BBVA, Spain’s second-biggest bank, suffered a fall of 47.3 percent in its earnings in the first nine months of the year to 1.656 billion euros as it upped provisions by 2.869 billion to cover possible losses from its exposure to the ailing real estate sector.
The bank said Thursday that it had made a loss in its Spanish operations of 532 million euros. However, factoring out the increased provisions required by the government, it would have made a profit of 848 million euros, down 32.1 percent from a year earlier. That was slightly more than the contribution from its Eurasia operations, which were given a push by Turkey, and well below the 1.3 billion Mexico brought in.
The bank’s non-performing loan ratio in Spain rose to 6.5 percent as of the end of September, in part due to the acquisition of troubled lender Unnim, which pushed the figure up by 0.8 percentage points.

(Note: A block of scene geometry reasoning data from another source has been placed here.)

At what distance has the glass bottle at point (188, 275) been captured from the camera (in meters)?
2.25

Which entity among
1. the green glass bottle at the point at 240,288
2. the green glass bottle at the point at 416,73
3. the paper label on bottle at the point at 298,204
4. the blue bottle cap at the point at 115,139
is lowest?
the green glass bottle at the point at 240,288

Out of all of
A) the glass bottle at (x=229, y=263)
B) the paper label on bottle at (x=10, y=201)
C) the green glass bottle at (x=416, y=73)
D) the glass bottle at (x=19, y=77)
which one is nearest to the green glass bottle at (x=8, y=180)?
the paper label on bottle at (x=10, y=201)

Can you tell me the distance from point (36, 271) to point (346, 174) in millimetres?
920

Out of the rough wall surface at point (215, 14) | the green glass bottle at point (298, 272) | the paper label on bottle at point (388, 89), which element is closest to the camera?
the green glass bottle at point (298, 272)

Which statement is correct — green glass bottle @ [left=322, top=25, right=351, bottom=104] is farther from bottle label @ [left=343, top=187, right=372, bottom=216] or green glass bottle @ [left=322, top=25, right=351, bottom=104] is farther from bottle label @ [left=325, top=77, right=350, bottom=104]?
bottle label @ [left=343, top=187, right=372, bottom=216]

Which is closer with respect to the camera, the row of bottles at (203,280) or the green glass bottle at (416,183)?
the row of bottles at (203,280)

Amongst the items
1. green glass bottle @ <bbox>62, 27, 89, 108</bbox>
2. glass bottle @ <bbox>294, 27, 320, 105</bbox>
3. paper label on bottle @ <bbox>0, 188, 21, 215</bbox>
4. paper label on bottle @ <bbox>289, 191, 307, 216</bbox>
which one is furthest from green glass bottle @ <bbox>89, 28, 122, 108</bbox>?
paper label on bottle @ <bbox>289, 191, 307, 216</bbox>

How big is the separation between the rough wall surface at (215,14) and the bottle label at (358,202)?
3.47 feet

The ratio for the group as a whole rose to 4.8 percent from 4.1 percent a year earlier. Total loan defaults amounted to 20.1 billion euros, 3.6 billion more than at the end of June, with Unnim accounting for three billion.
BBVA has now covered about two-thirds of the provisions imposed by the government in two decrees approved earlier this year and will have to set aside a further 1.568 billion euros in the last quarter of the year.
Net interest income in the nine months was up 16 percent from a year earlier at 11.220 billion euros. Loans were up seven percent at 377.383 billion euros, while deposits rose 2.4 percent to 288.709 billion euros.